Your task
Once the pictures are removed, restate the data below word for word.

________________________

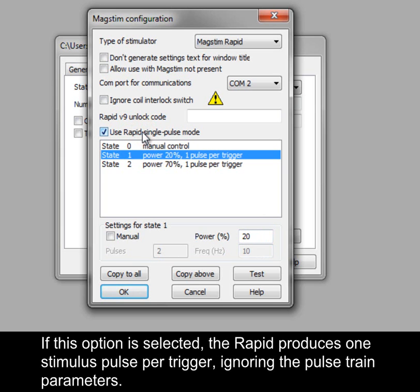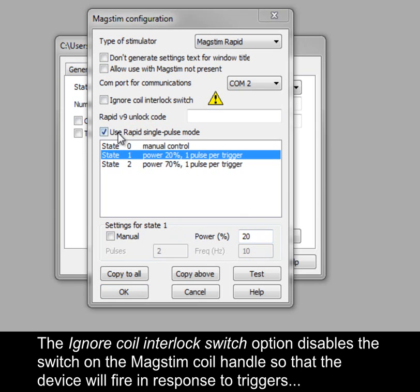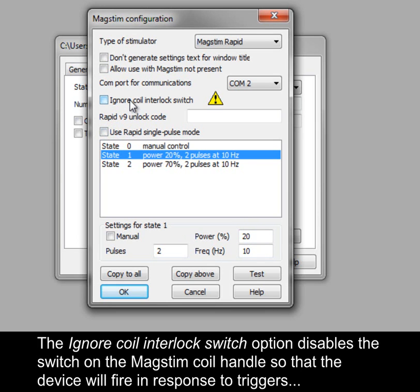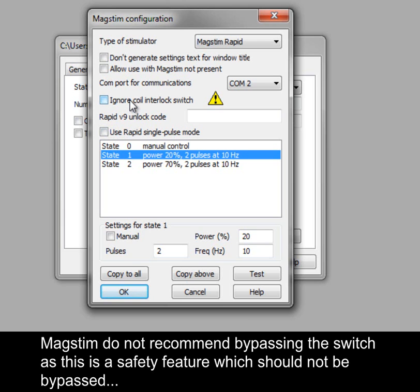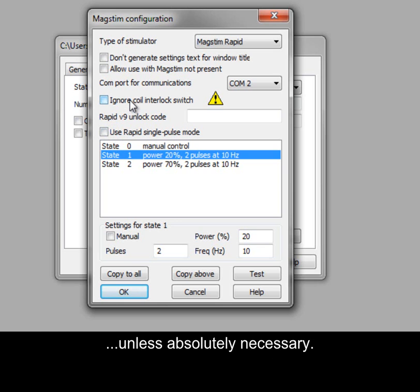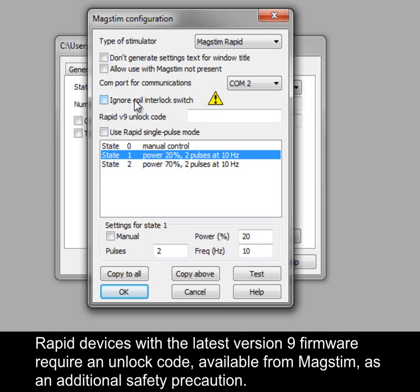If Single Pulse Mode is selected, the Rapid produces one stimulus pulse per trigger, ignoring the pulse train parameters. The Ignore Coil Interlock Switch option disables the switch on the MagStim coil handle so that the device will fire in response to triggers without the button being depressed. MagStim do not recommend bypassing the switch as this is a safety feature which should not be bypassed unless absolutely necessary. Rapid devices with the latest version 9 firmware require an unlock code available from MagStim as an additional safety precaution.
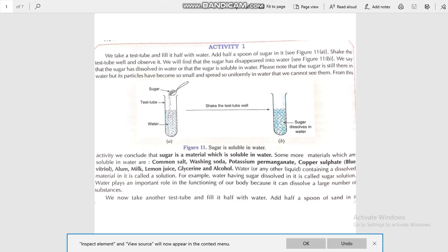Welcome students. Today's session has some activities related to classification of materials on the basis of solubility in water. You all know that water dissolves a large number of materials, but it cannot dissolve all materials. Thus some materials are soluble in water whereas other materials are insoluble in water, so all materials can be classified into two groups on the basis of solubility.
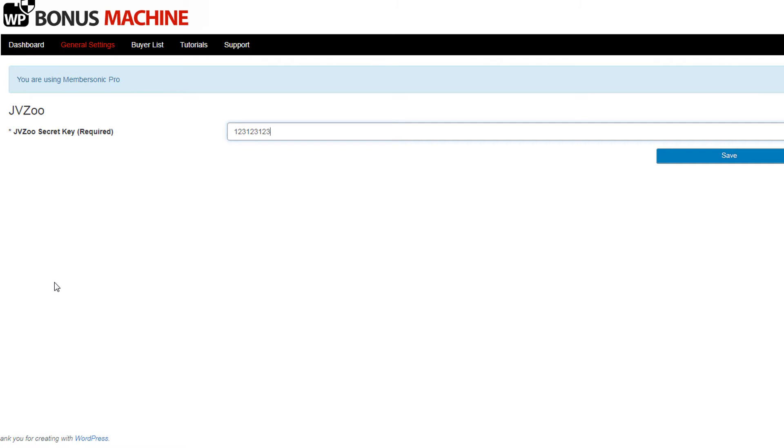If you're using MemberPress, you'll need to enter your MemberPress username and login on that screen. If you're using ActiveMember360, you'll need to set up your ActiveCampaign integration settings.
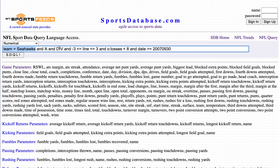First condition: team equals Seahawks, and they are away, and they are facing a divisional opponent, and the line is within three points of pick'em, and the opponent has fewer than eight losses. So: Seahawks on the road versus a divisional opponent that has fewer than eight losses and the line is close to pick'em.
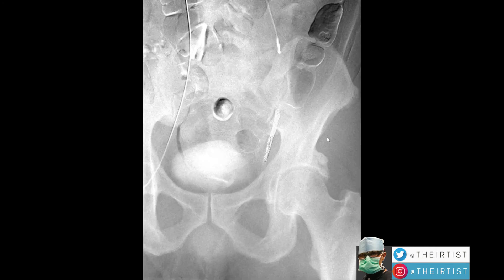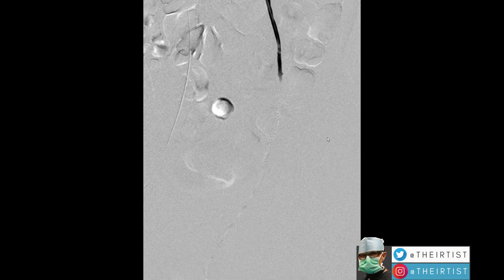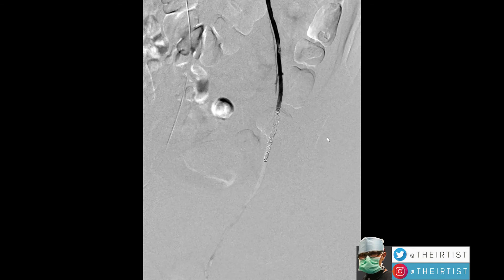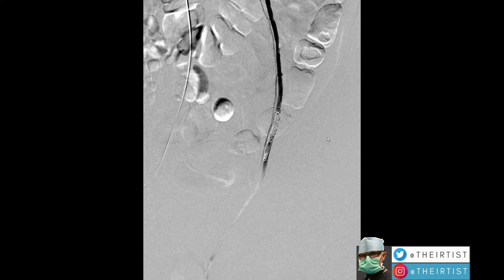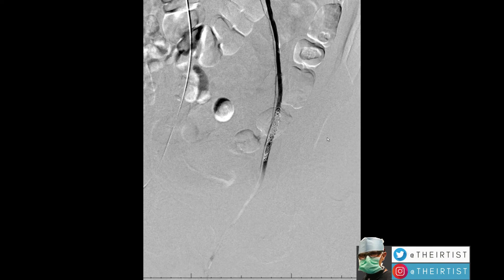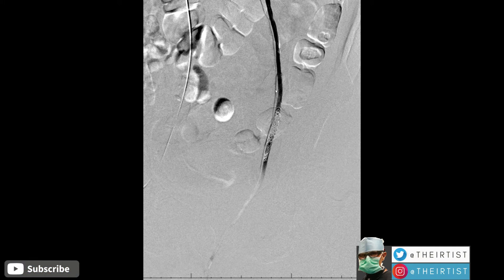If there is a need to place more coils, we can always do so. After the embolization is done, we see some flow into a small vein. If it's a healthy vein, it's fine — we can leave it.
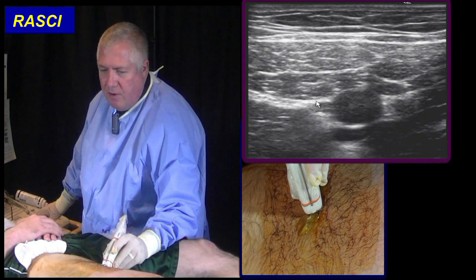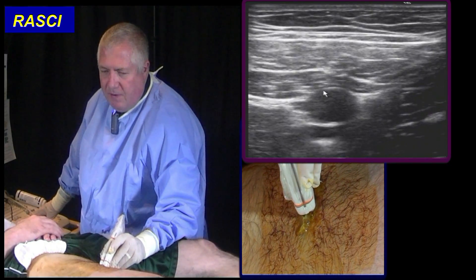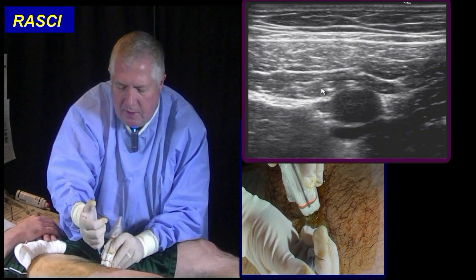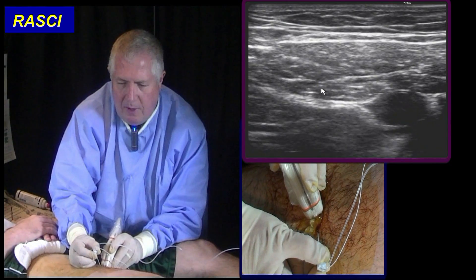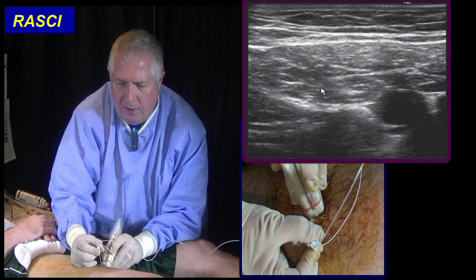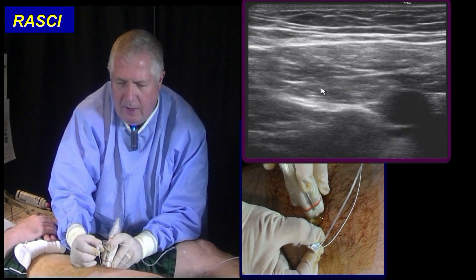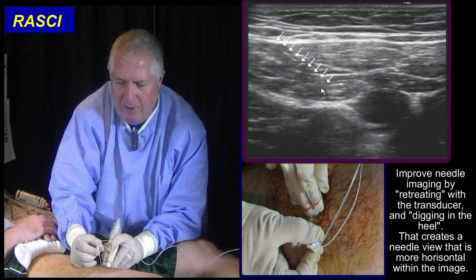We're going to try and inject drug in that corner but not into a vessel. Local anesthetic — a little mosquito bite. There's my needle. I'm going to advance adjacent to the artery. Now I can improve the image of this needle — you see it's about 45 degrees downward.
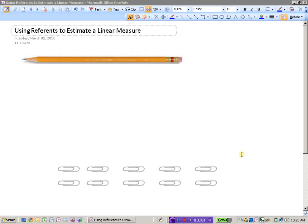We will look now at how we can use reference to estimate a linear measure. In this example here, I'm interested in estimating the length of this pencil, and the reference that I'm going to use is a paperclip.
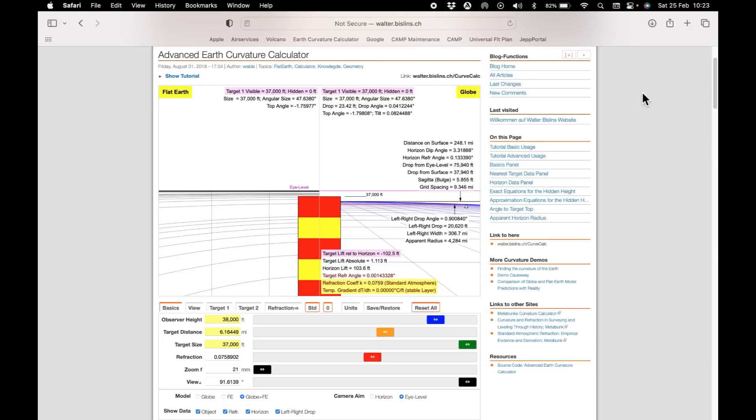Let's model this with Walter Bislin's advanced earth curve calculator and I'll post a link to this site in the description below.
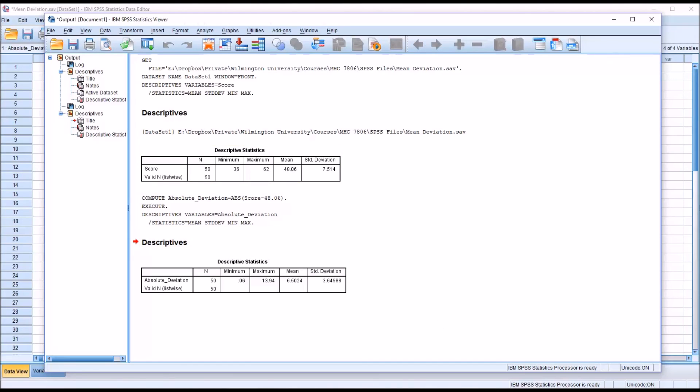I hope you found this video on calculating the mean absolute deviation in SPSS to be useful. As always, if you have any questions or concerns, feel free to contact me. I'll be happy to assist you.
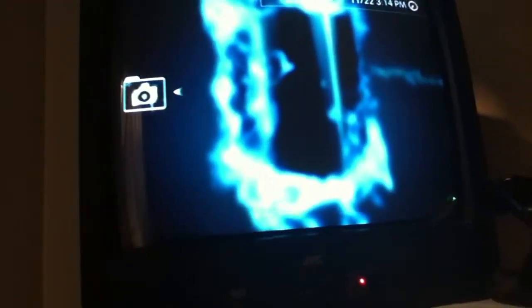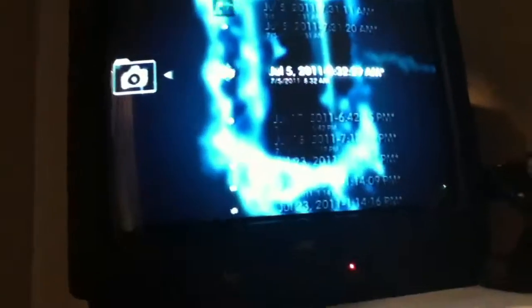To make it easier, you can just go to phone photos.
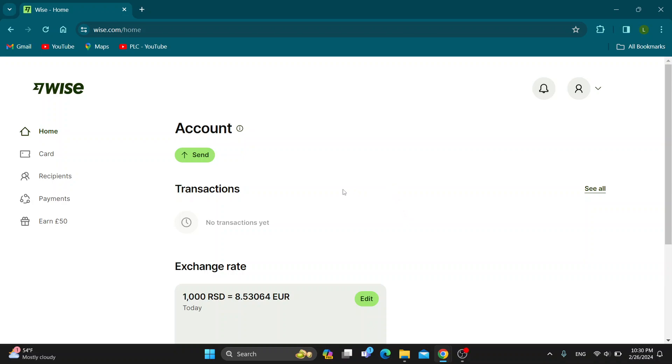Hey everybody, what's up and welcome back to today's video. Today I'm going to show you how to order a Wise card. This is very simple to do. Make sure to watch this quick and easy video till the very end and follow my steps correctly.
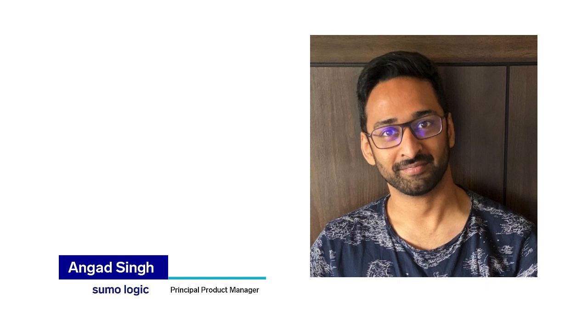Hi, I'm Angad. I'm a product manager at Sumo Logic and in this video I'll show you how to search for your logs within Sumo.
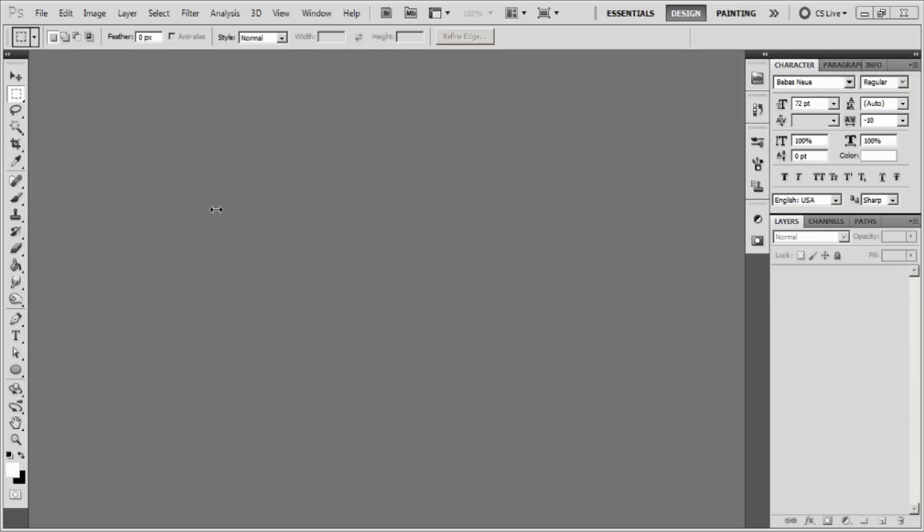What's up guys, this is Tech 2 bringing you another tutorial. In this one we'll learn how to create channel art for the new YouTube one channel design. First, go to File, click New.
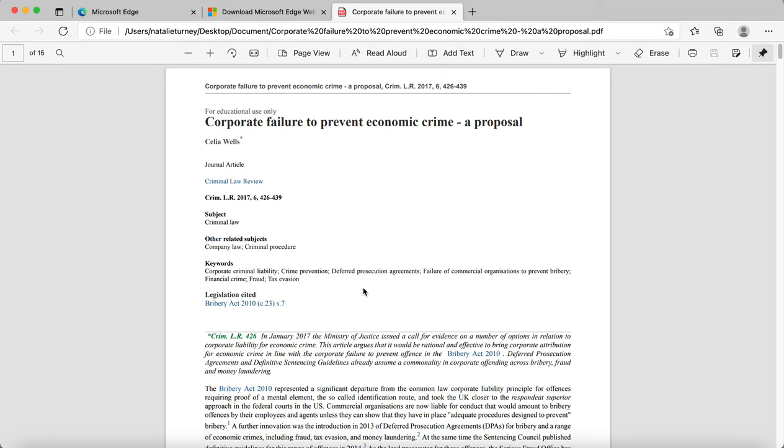Now what's important about this is that this is saved as a PDF document. So if you're struggling to open other types of documents, then try exporting them as a PDF and seeing if that works for you instead.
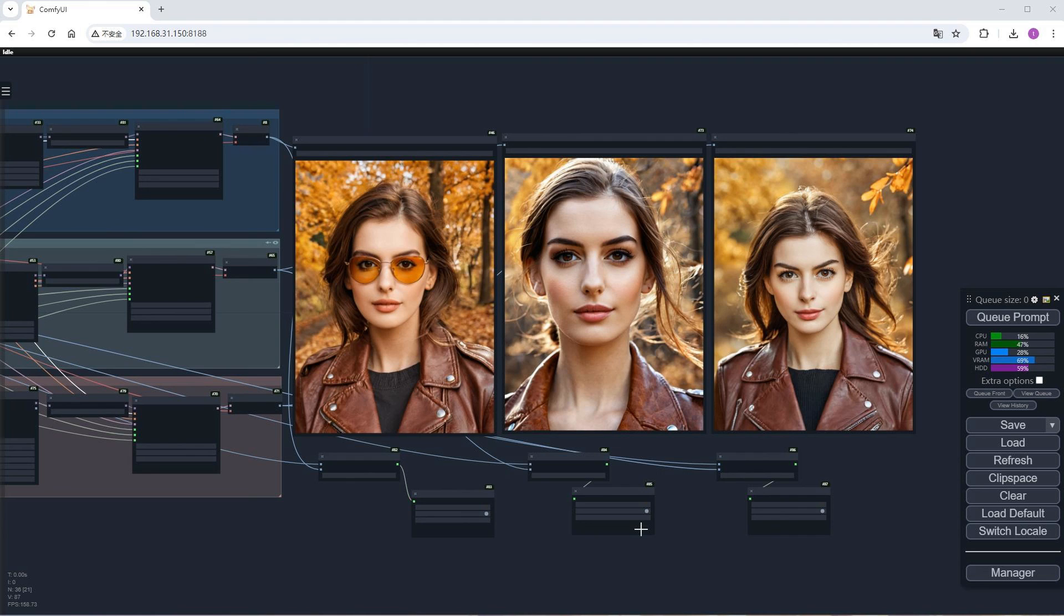In summary, PULID lives up to its reputation as a newcomer. So far, its effectiveness and applicability seem excellent, and it's worth trying out. Its only drawback is perhaps, like Instant ID, it only supports SDXL. Well, that's it for today's video. See you next time.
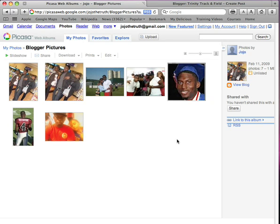In this video I will be showing you how to upload a slideshow from Picasa Web Albums onto your blog. This is my album right here on Picasa Web Albums.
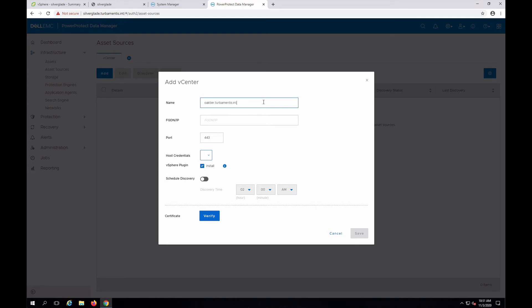Because this is a lab environment, I'll just use the main administration account for my vCenter server.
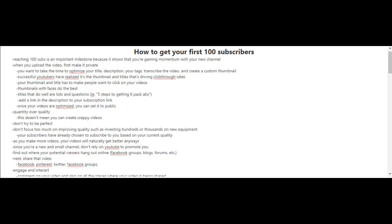Now unfortunately, if you have a new and small channel, it's very unlikely that YouTube will promote your videos and it will be very difficult for people to see or to find your videos. So you have to find other ways for your videos to be found. For example, you can find out where your potential viewers hang out online, whether it be Facebook groups, blogs, forums, etc.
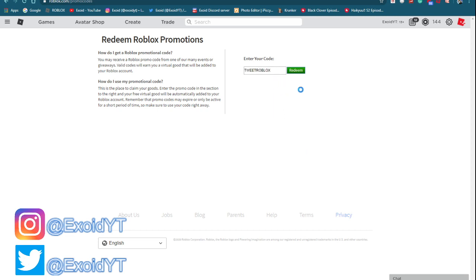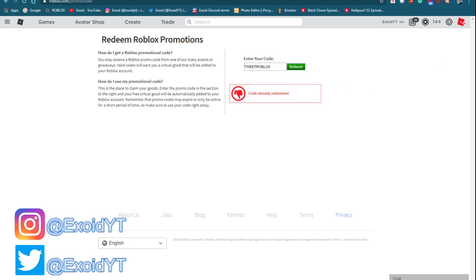But alright, first code is tweet Roblox. Now I'm going straight into codes already. I'll show you guys every single working code. Every time a new promo code comes out, I'll immediately cover it on my channel. So if you guys want to see all new codes, subscribe right now with notifications on. And even if you guys don't want to join the giveaways, subscribe either way, because we are so close to 50,000 subscribers. Alright, tweet Roblox Redeem.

________________________

Output below
If Single Pulse Mode is selected, the Rapid produces one stimulus pulse per trigger, ignoring the pulse train parameters. The Ignore Coil Interlock Switch option disables the switch on the MagStim coil handle so that the device will fire in response to triggers without the button being depressed. MagStim do not recommend bypassing the switch as this is a safety feature which should not be bypassed unless absolutely necessary. Rapid devices with the latest version 9 firmware require an unlock code available from MagStim as an additional safety precaution.
Welcome students. Today's session has some activities related to classification of materials on the basis of solubility in water. You all know that water dissolves a large number of materials, but it cannot dissolve all materials. Thus some materials are soluble in water whereas other materials are insoluble in water, so all materials can be classified into two groups on the basis of solubility.
If you're using MemberPress, you'll need to enter your MemberPress username and login on that screen. If you're using ActiveMember360, you'll need to set up your ActiveCampaign integration settings.
First condition: team equals Seahawks, and they are away, and they are facing a divisional opponent, and the line is within three points of pick'em, and the opponent has fewer than eight losses. So: Seahawks on the road versus a divisional opponent that has fewer than eight losses and the line is close to pick'em.
If there is a need to place more coils, we can always do so. After the embolization is done, we see some flow into a small vein. If it's a healthy vein, it's fine — we can leave it.
We're going to try and inject drug in that corner but not into a vessel. Local anesthetic — a little mosquito bite. There's my needle. I'm going to advance adjacent to the artery. Now I can improve the image of this needle — you see it's about 45 degrees downward.
We will look now at how we can use reference to estimate a linear measure. In this example here, I'm interested in estimating the length of this pencil, and the reference that I'm going to use is a paperclip.
Let's model this with Walter Bislin's advanced earth curve calculator and I'll post a link to this site in the description below.
I hope you found this video on calculating the mean absolute deviation in SPSS to be useful. As always, if you have any questions or concerns, feel free to contact me. I'll be happy to assist you.
To make it easier, you can just go to phone photos.
Hey everybody, what's up and welcome back to today's video. Today I'm going to show you how to order a Wise card. This is very simple to do. Make sure to watch this quick and easy video till the very end and follow my steps correctly.
Hi, I'm Angad. I'm a product manager at Sumo Logic and in this video I'll show you how to search for your logs within Sumo.
What's up guys, this is Tech 2 bringing you another tutorial. In this one we'll learn how to create channel art for the new YouTube one channel design. First, go to File, click New.
Now what's important about this is that this is saved as a PDF document. So if you're struggling to open other types of documents, then try exporting them as a PDF and seeing if that works for you instead.
In summary, PULID lives up to its reputation as a newcomer. So far, its effectiveness and applicability seem excellent, and it's worth trying out. Its only drawback is perhaps, like Instant ID, it only supports SDXL. Well, that's it for today's video. See you next time.
In this video I will be showing you how to upload a slideshow from Picasa Web Albums onto your blog. This is my album right here on Picasa Web Albums.
Because this is a lab environment, I'll just use the main administration account for my vCenter server.
Now unfortunately, if you have a new and small channel, it's very unlikely that YouTube will promote your videos and it will be very difficult for people to see or to find your videos. So you have to find other ways for your videos to be found. For example, you can find out where your potential viewers hang out online, whether it be Facebook groups, blogs, forums, etc.
But alright, first code is tweet Roblox. Now I'm going straight into codes already. I'll show you guys every single working code. Every time a new promo code comes out, I'll immediately cover it on my channel. So if you guys want to see all new codes, subscribe right now with notifications on. And even if you guys don't want to join the giveaways, subscribe either way, because we are so close to 50,000 subscribers. Alright, tweet Roblox Redeem.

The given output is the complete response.